Despite this, data from Batdongsan.com.vn reveals that between Q2 2020 and Q2 2025, land prices in these areas surged by 57.6%. Current asking prices average around VND 64.6 million ($2,544) per square meter. Depending on the location and plot size, listings range from VND 8 billion to VND 20 billion ($315,000 to $788,000).

This trend is not exclusive to Cat Lai. Similar patterns are seen at Dong Tang Long Urban Area in Long Phuoc ward, launched in 2005. As of July 2025, less than 10% of the properties there are inhabited.

With a total housing floor area of 1.23 million square meters, the project includes 1,255 garden-linked townhouses, 1,145 garden homes, 268 villas, and 44 apartment blocks. Most buyers are investors intending to flip the properties for profit, rather than live in them.

Nonetheless, prices continue to climb. Between June 2024 and June 2025, asking prices rose by 11.3%, now averaging VND 77.9 million ($3,069) per square meter. Since 2020, this marks a 59.6% increase - meaning a house once priced at VND 5 billion ($197,000) now costs nearly VND 8 billion ($315,000).

A report by the Construction Economics Institute (Ministry of Construction) confirmed that in the first half of 2025, average housing and land prices across the market continued to rise. In Q2/2025 alone, housing prices increased by 7.71% year-on-year, while land prices climbed 7.17%.

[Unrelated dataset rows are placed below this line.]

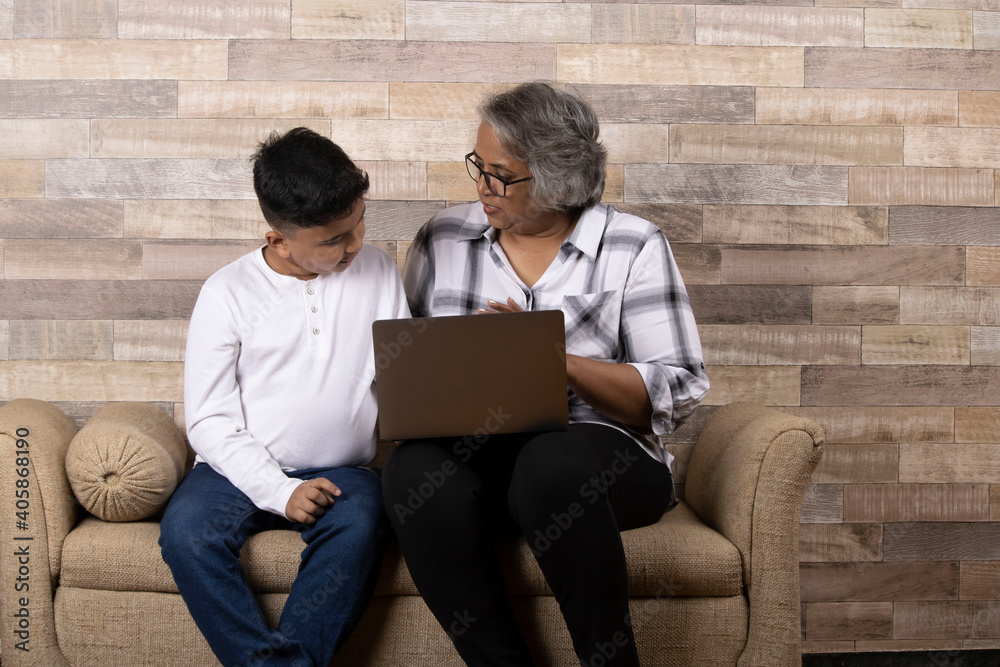 Happy moments with grandma, indian or asian senior lady spending quality time with her grand son using laptop
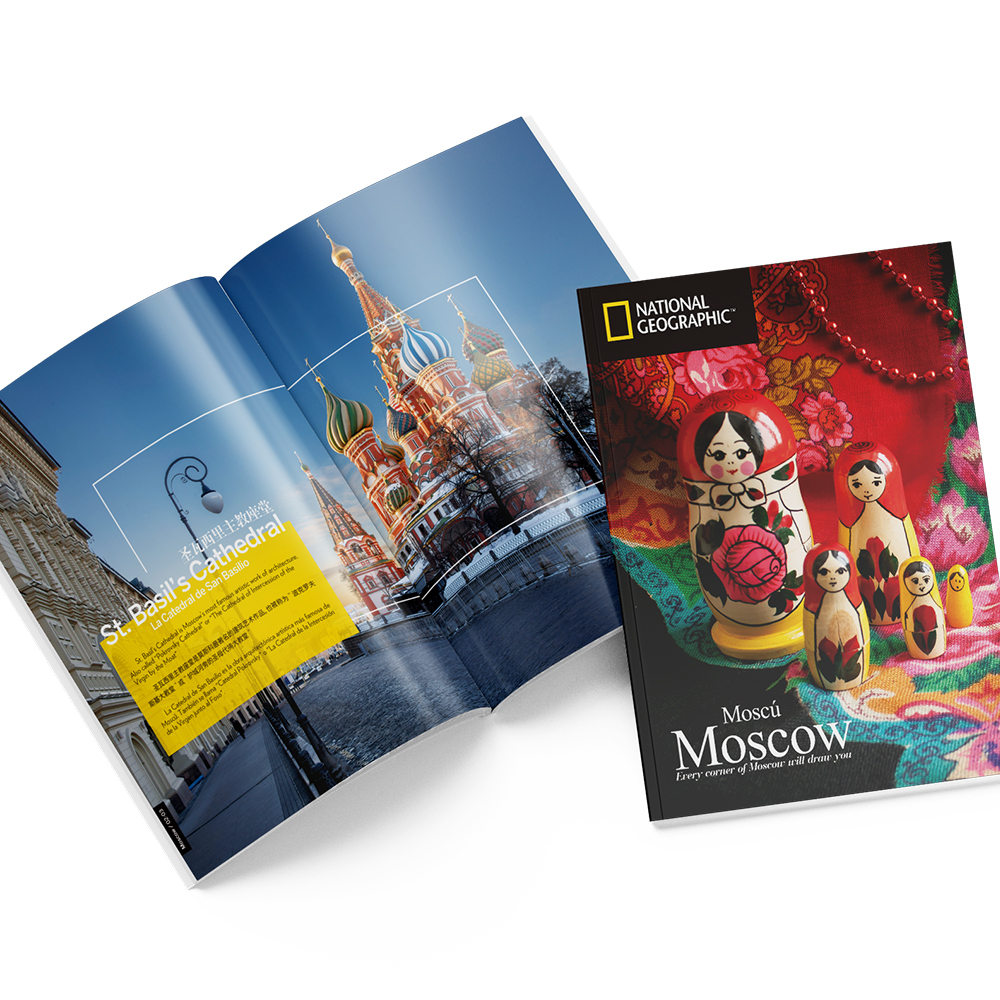 A National Geographic book open to a St. Basil's Cathedral image, with a matching cover featuring matryoshka dolls.
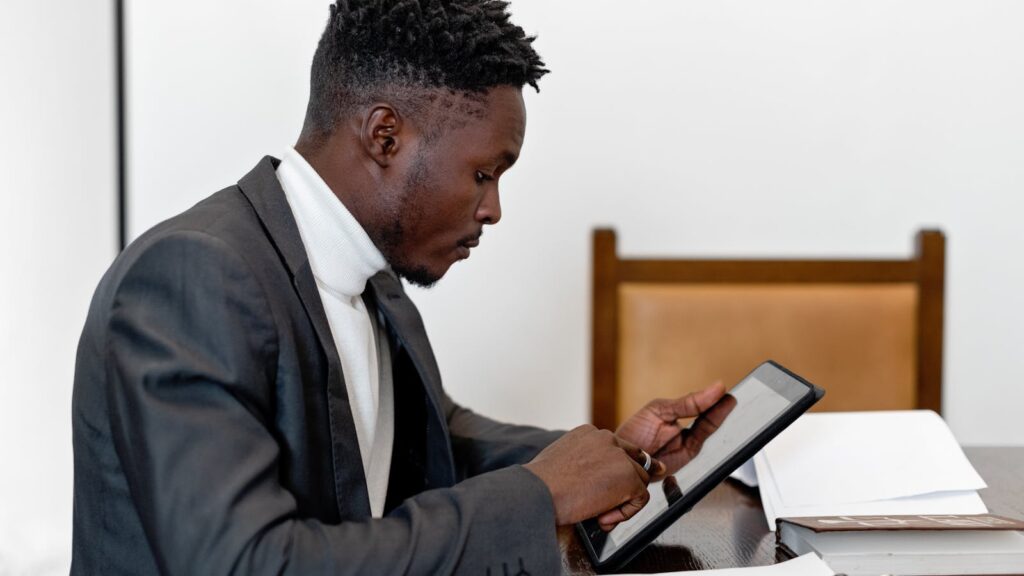 Professional supervisor reviewing documents and data on a tablet — digital workflow for GPS ankle bracelet fleet maintenance and electronic monitoring operations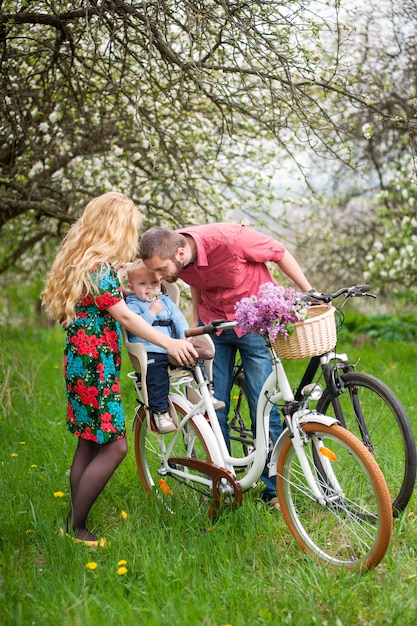 Família jovem, ligado, um, bicycles, em, a, primavera, jardim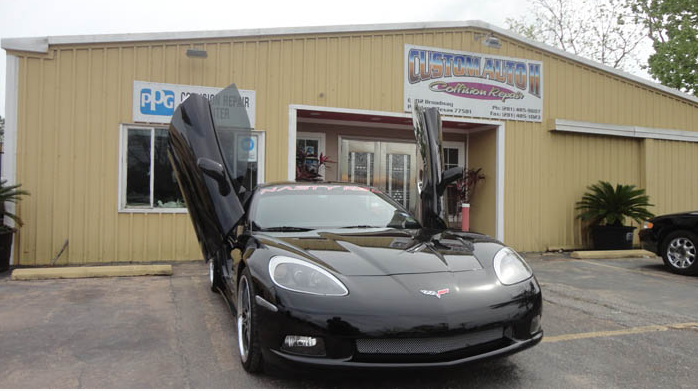 A black sports car is parked in front of a building with its doors open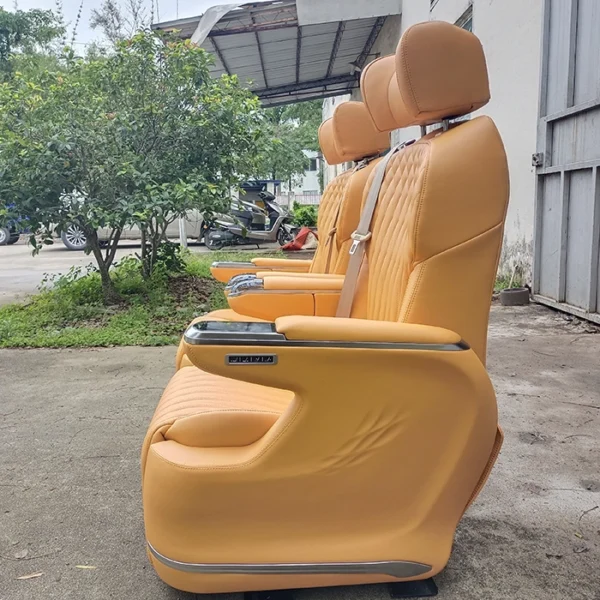 Side view of premium orange second row captain seats showing ergonomic design and sleek armrests for luxury van interiors.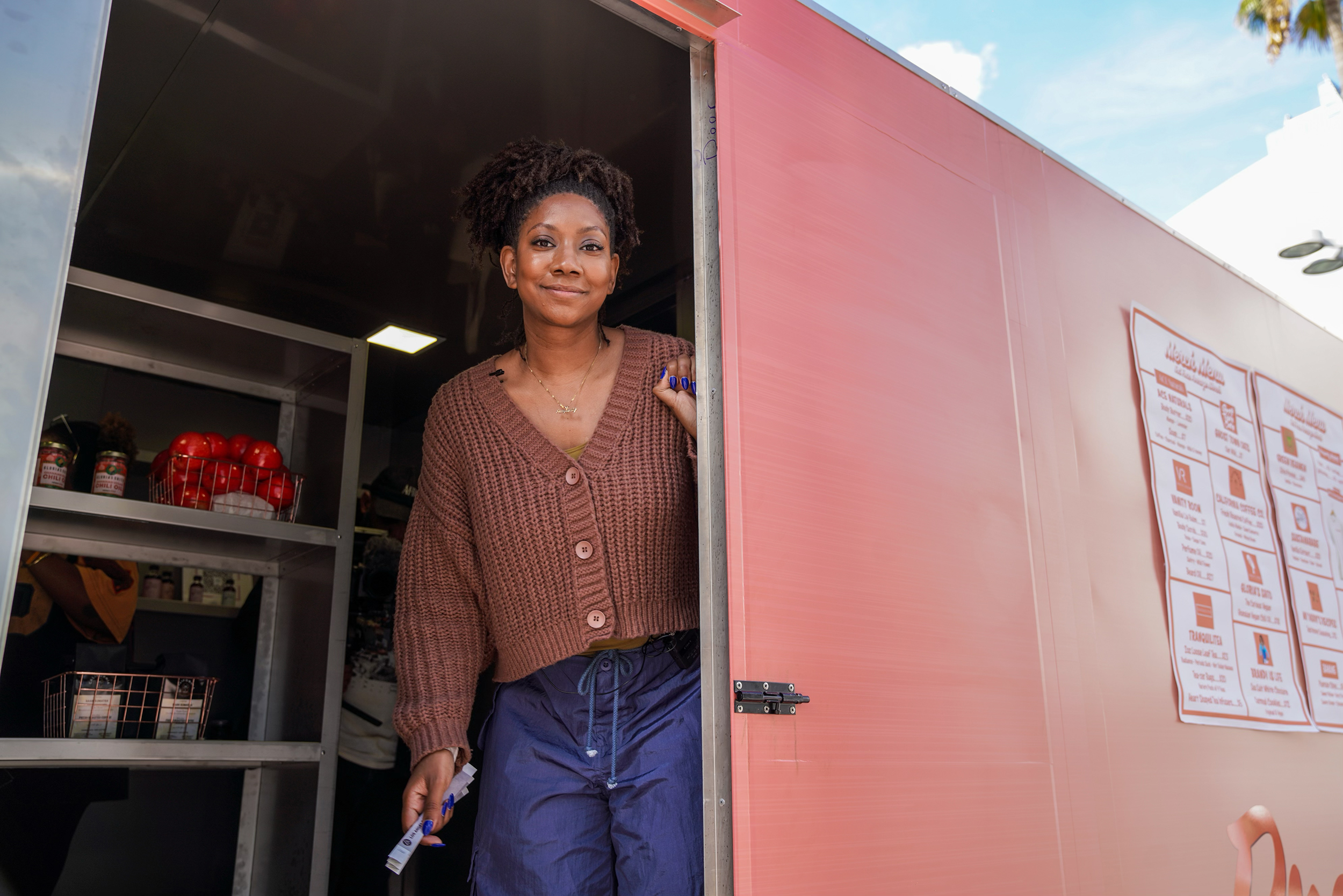A Black woman poses inside the doorway of a pink trailer with a shelving unit behind her.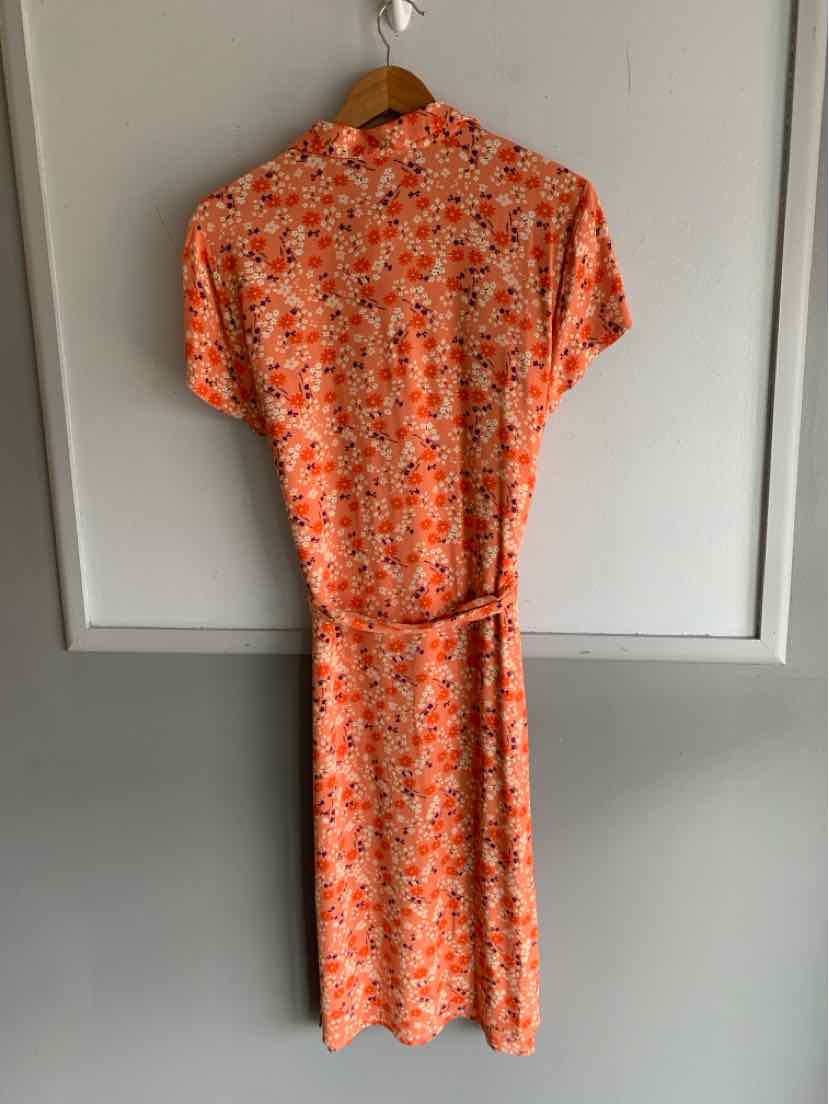 Orange floral midi dress with short sleeves and belted waist on wooden hanger.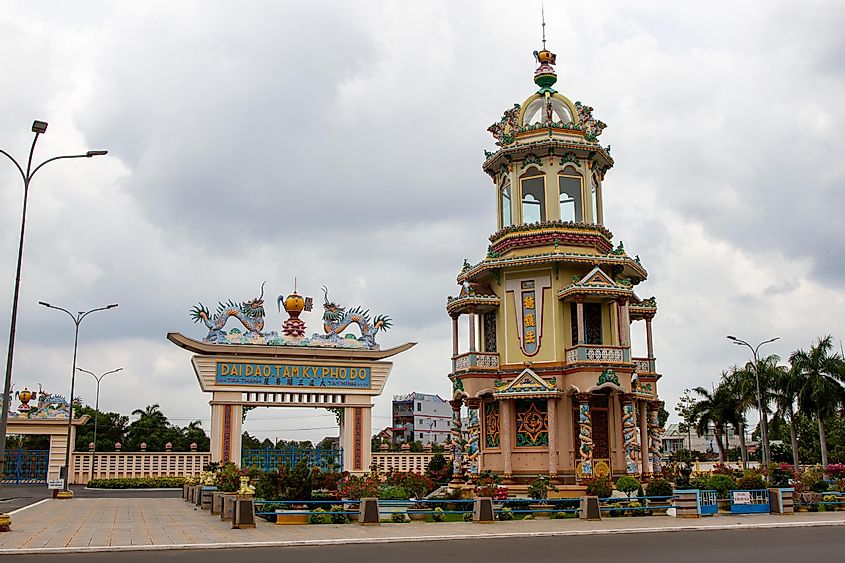 Tay Ninh, Vietnam - April 18, 2021: Gate And A Tower In Tay Ninh Holy See (Cao Dai Great Temple) In Central Of Tay Ninh City. Tay Ninh Holy See Is The Center Of Caodaism Faithful In South Vietnam.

Cao Thi Thanh Huong, Senior Research Manager at Savills Vietnam, explained that land costs remain a major component of real estate project development. These costs have never been reduced under current government pricing frameworks, and planned reviews following administrative mergers are still underway.

"Until input costs change, there’s little room to adjust sale prices or project scales," Huong noted.

In this context, housing prices in cities like Ho Chi Minh City are unlikely to drop anytime soon. In fact, they may continue to climb beyond already stretched expectations.